When Carrie's Mum became seriously ill, she gave up her job as a senior manager to become a carer. Read more about her inspiring story

Carrie Parr, age 47, from Blackpool was a senior manager at colleges in Lancashire and Greater Manchester, she enjoyed her career and never imagined things could take such a drastic change in life.

Carrie’s mother became seriously ill, and a care package was put in place to support her at home. Carewatch Blackpool was chosen to provide Carrie’s mother with the care and support she needed.

Her mother’s health deteriorated, and Carrie realised something had to change. So, she made the decision to stand down from where she was working, so she could also care for her mother. Carrie also decided to apply to be a Care Worker for Carewatch Blackpool, allowing her the freedom to be in the area more, and see more of her mum.

Carrie says “I had to decide whether being with her and changing careers was worth more than my career at the time, and the answer was a no-brainer… so I took the plunge and decided to switch careers.”

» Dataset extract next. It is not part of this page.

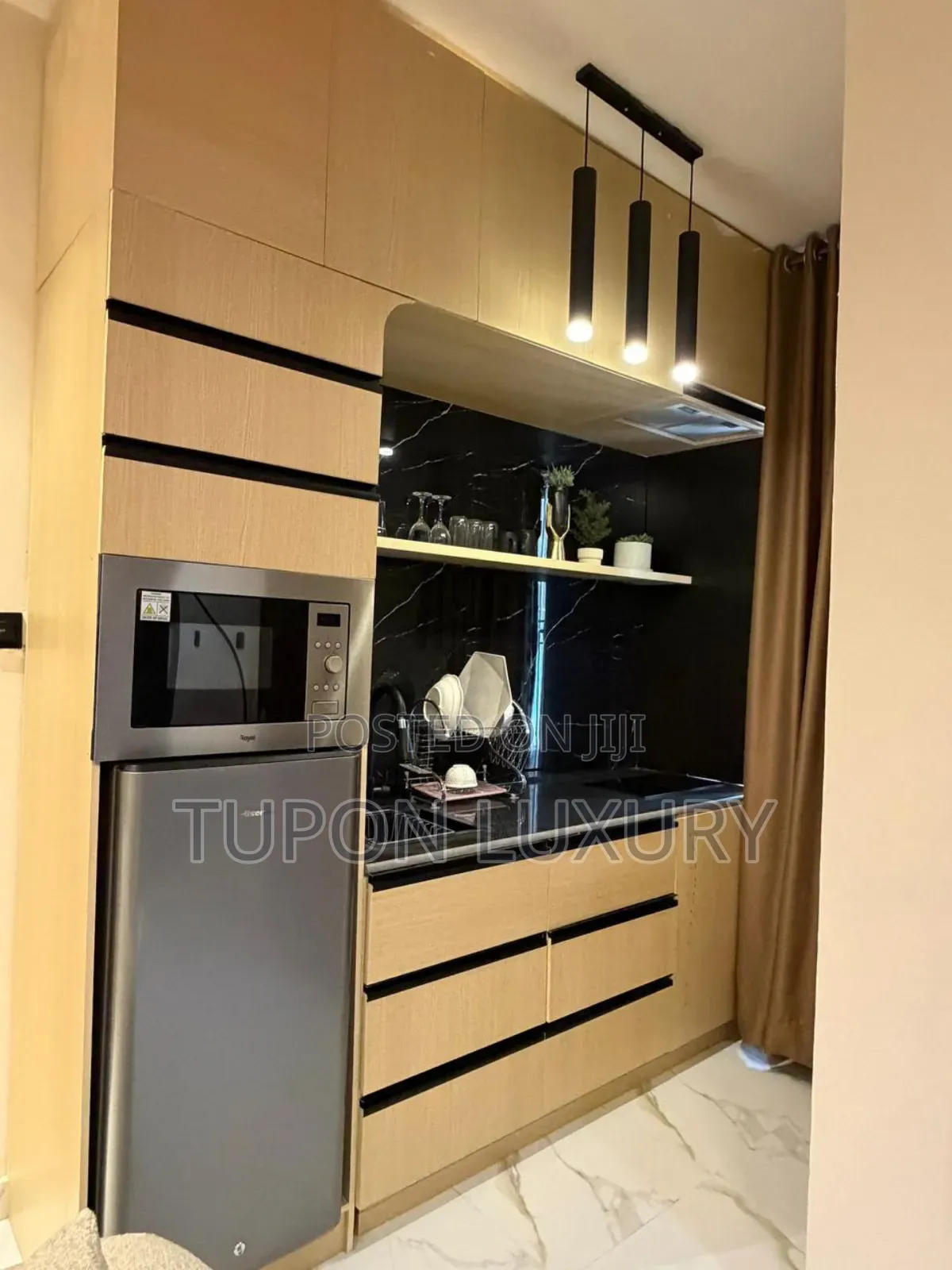 Beautiful and Luxury Studio With Ps5, Balcony, Work Space Bathtub in Lekki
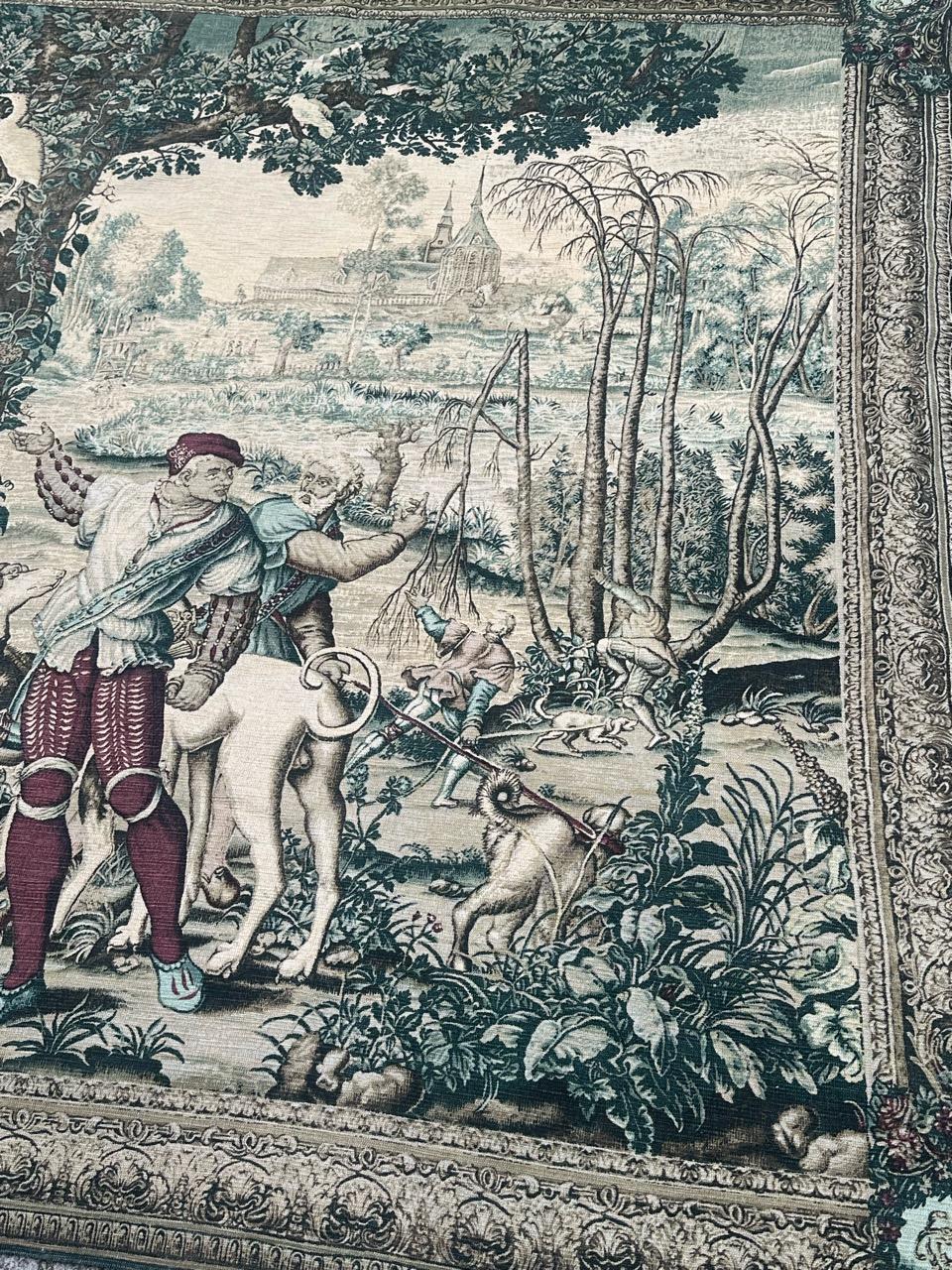 Entdecken Sie die Eleganz dieses handbedruckten französischen Wandteppichs aus der Mitte des Jahrhunderts mit dem exquisiten Motiv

Joining Carewatch in November 2015, receiving a £250 welcome bonus which helped with the immediate changes in her life. Carrie enjoyed her work and the people she worked with. Sadly, her mother passed away in March 2016, but she found comfort in her work:

“I love the work. It might seem strange, but caring for people has helped with my own grief over losing my mother back in March this year. I try always to provide the care I would have wanted for my own dear mum. This is the rule of thumb for me. Each person is unique and you have to be totally switched on to the individuals’ needs and requirements. You start by reading the care plan in detail, then you discuss the plan with each person.”

Carrie’s advice for people looking to change career to care work

The needs and requirements change for each person all the time, so as a carer it is essential you are fully engaged with each person for the time you are allotted to provide any care. Good caring starts with empathy and general care for everyone’s welfare. Carers are the eyes and ears on the ground for the total welfare of each person so it is extremely important we are observant and diligent. Communication both written in the logbook and verbally, ‘on call’ or in the office, is central as well.
A carer also needs to be a strong team-player whether working as a pair delivering care or working alone because you try to always plan ahead.

A good carer knows they are good when people are pleased to see them and always ask when they are coming back

I would recommend caring as a career for the right person. I don’t believe that it is a job; I know it is a vocation and we can make a real difference to those in the most need, so it’s a privilege.